§ Exercise directions
Reproduce the listing in its entirety. Do not reproduce the pictures.

§ The data
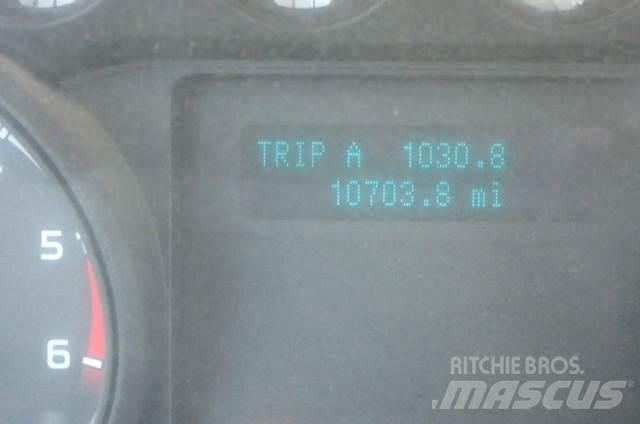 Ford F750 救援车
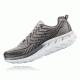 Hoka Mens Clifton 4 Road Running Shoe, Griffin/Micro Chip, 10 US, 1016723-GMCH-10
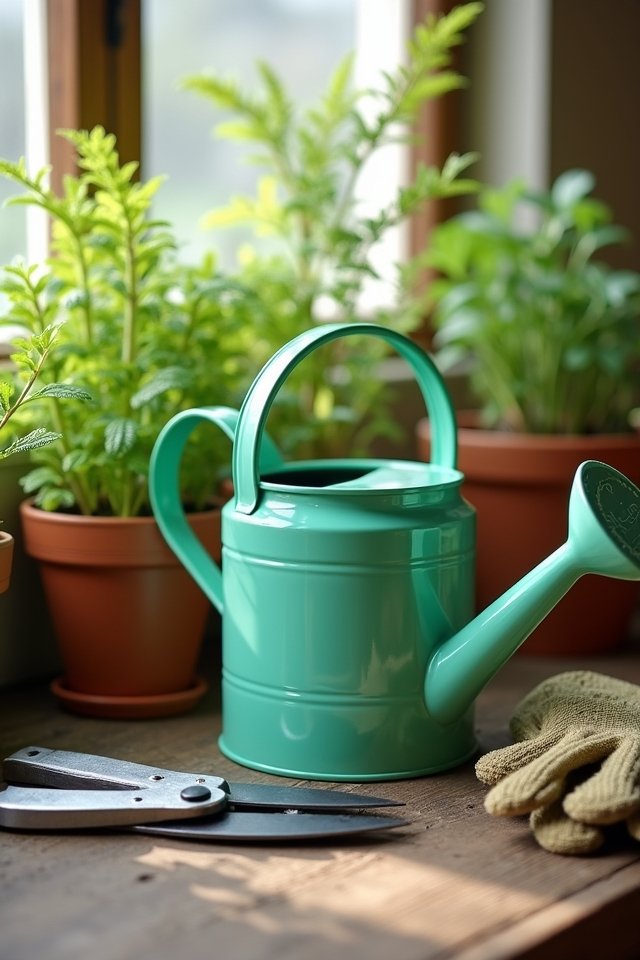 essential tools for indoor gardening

§ Expected output
 Ford F750 救援车
 Hoka Mens Clifton 4 Road Running Shoe, Griffin/Micro Chip, 10 US, 1016723-GMCH-10
 essential tools for indoor gardening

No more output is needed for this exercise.